What is needed:
The result should be the lines from the one holding "the meat market" to the end of the records below, repeated exactly. No pictures.

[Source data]
== Segment start ==
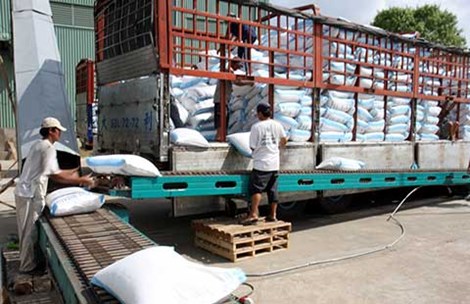 Xuất khẩu gạo sang Trung Quốc như đánh bạc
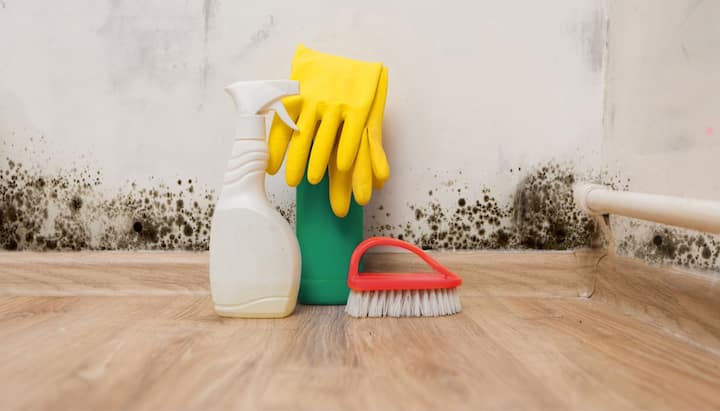 Know About Mold Removal In Charlotte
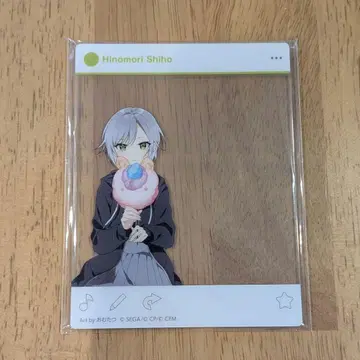 프로세카 카미고 문화제 아크릴 카드 [히노모리 시호]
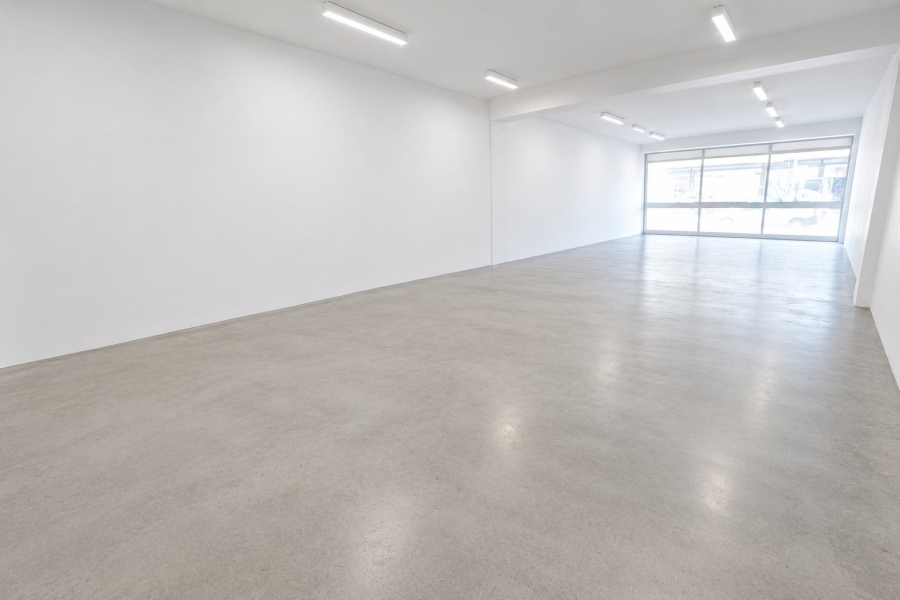 To Let Commercial Property for Rent in Primrose Gauteng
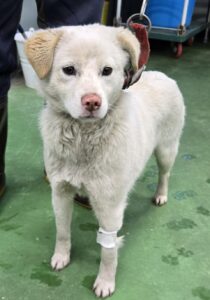 제천시 동물보호센터에서 보호중인 유기된 강아지안내드립니다.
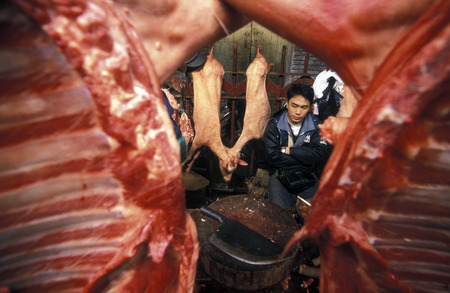 the meat market in the city of Canton or Guangzhou in the north of Hong Kong in the province of Guangdong in China in east asia.のeditorial素材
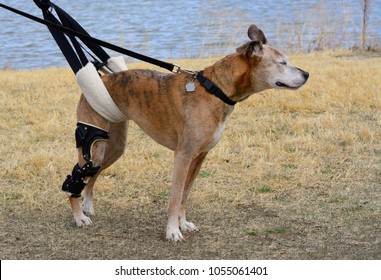 Aging mixed breed boxer dog with orthotic brace for CCL knee injury and newly injured knee being geld up with a sling for short potty walk at park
== Segment end ==
Output of the task:
 the meat market in the city of Canton or Guangzhou in the north of Hong Kong in the province of Guangdong in China in east asia.のeditorial素材
 Aging mixed breed boxer dog with orthotic brace for CCL knee injury and newly injured knee being geld up with a sling for short potty walk at park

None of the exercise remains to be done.